Cities have become central to social development and economic prosperity. Globalisation, urbanisation and climate change are interacting in a way that is unprecedented, placing conflicting pressures on our natural environment and our urban service delivery systems. This presents an urgent challenge to politicians, planners, architects, scientists and engineers alike – how do we create resilient, sustainable cities?
A sustainable city may be defined as one designed with environmental impact as a key consideration, particularly in terms of minimising required inputs of virgin raw materials, energy, water and food, and outputs of heat, air and water pollution and wastes needing disposal – both during construction and in operation. While there is no universally-agreed paradigm for what a sustainable city entails, it should in general meet the needs of the present without compromising the ability of future generations to meet their own needs.
Ahead of this month’s Public Lecture on Sustainable Cities Southampton Connects hears from alumna Jane Wernick (BSc Civil Engineering, 1976), Consultant at engineersHRW, on her interest in the sustainable cities debate, and from William Powrie, Professor of Geotechnical Engineering and Dean of Engineering and the Environment about some of the research at the University that is influencing the future sustainability of cities.

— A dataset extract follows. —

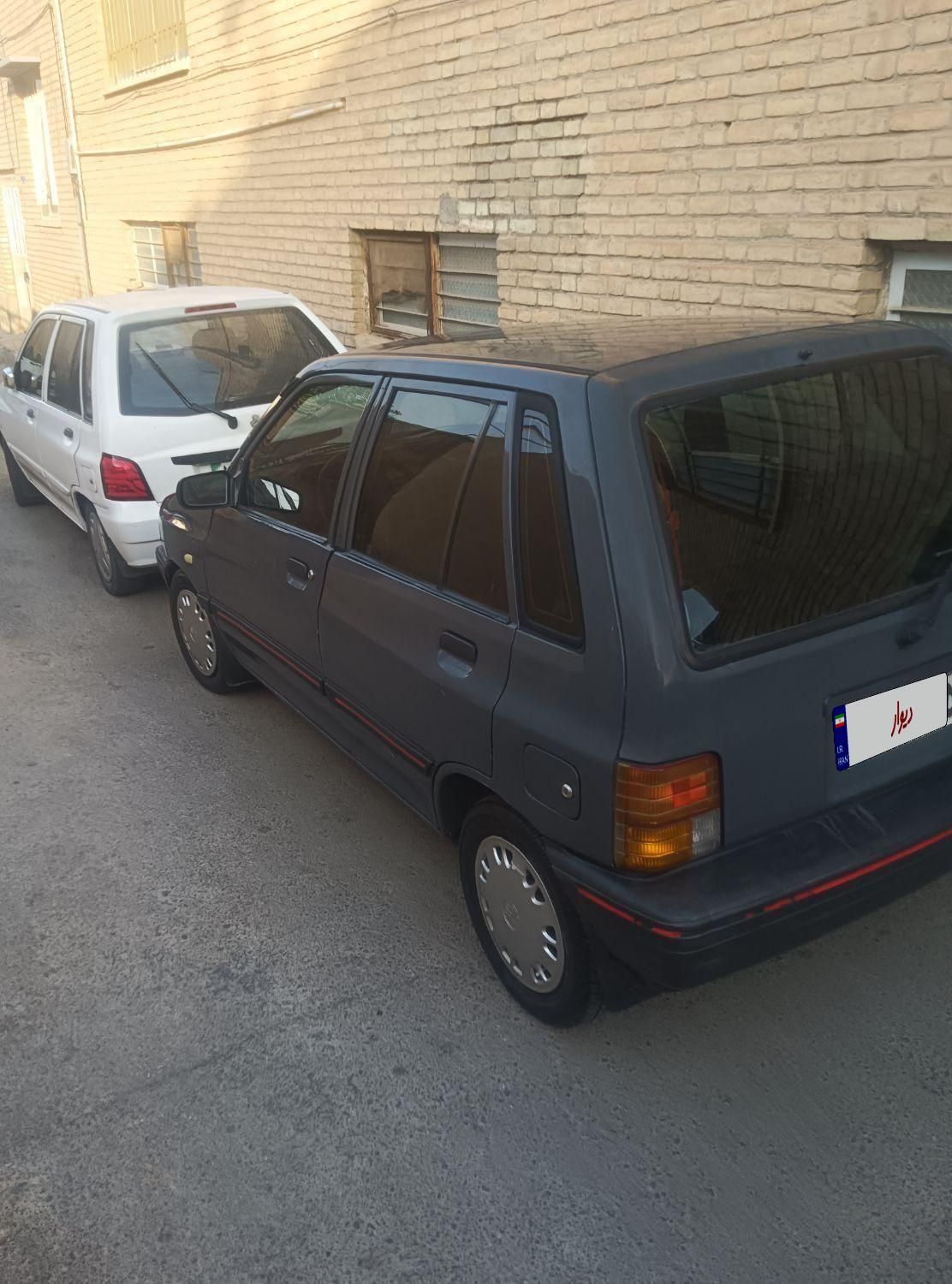 پراید 111 LX - 1374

Jane Wernick (BSc Civil Engineering, 1976), Consultant at engineersHRW, incorporating Jane Wernick Associates
With Arup from 1973–1998, Jane started and ran its Los Angeles office from 1986-88. Her most notable Arup project was the Millennium Wheel on London’s South Bank. Throughout her career she has worked on projects such as: the Young Vic Theatre; the treetop walkway at the Royal Botanic Gardens, Kew; and the Living Architecture Houses; all in the UK, as well as various project in Europe and North America including the Des Moines Public Library, Iowa, U.S.; and the glass facades at Parc de la Villette, Paris.
Jane won the 2013 CBI first Woman of the Built Environment Award. She serves on the Design Review panels of Design Council CABE, Design South East, and Camden. She was on the Council of the Architectural Association and is a member of the multidisciplinary think tank, the Edge.
“My interest in making cities more sustainable focuses on the wellbeing of the inhabitants, which can be affected by the design of the buildings they live and work in, and experience from the outside. I believe we can improve the chance of ‘building happiness’ through the design of our built environment.”
“Issues such as noise, privacy, connectivity, comfort, sunlight at street level, air pollution, overheating, ventilation and cooling, all need to be thought about when designing buildings. Our climate in the UK is getting hotter and we will need to incorporate things such as moveable shades, as they do in the rest of Europe, into our designs in the UK.
“High-rise premises are not the solution in my opinion; in terms of energy and carbon footprint, buildings over 20 storeys high are not sustainable. They yield more carbon to build per usable square-metre of floor, because they have to resist higher wind loads, running costs are higher due to transporting people up and down by lift, and it is more difficult to keep them airtight the higher up you are.
“Depression of inhabitants in high-rise buildings, especially single parents in the more socially-deprived communities, is also an issue, as is safety as we have seen recently in the terrible fire in Grenfell Tower in South London.
“As far as density goes there have been studies that suggest that central Paris, for example, with buildings of eight to 10 storeys high, has the same density as Beijing, which has mostly high-rise buildings. Indeed, there are quite a few high-density mixed-use European cities that are sustainable without the need for skyscrapers.”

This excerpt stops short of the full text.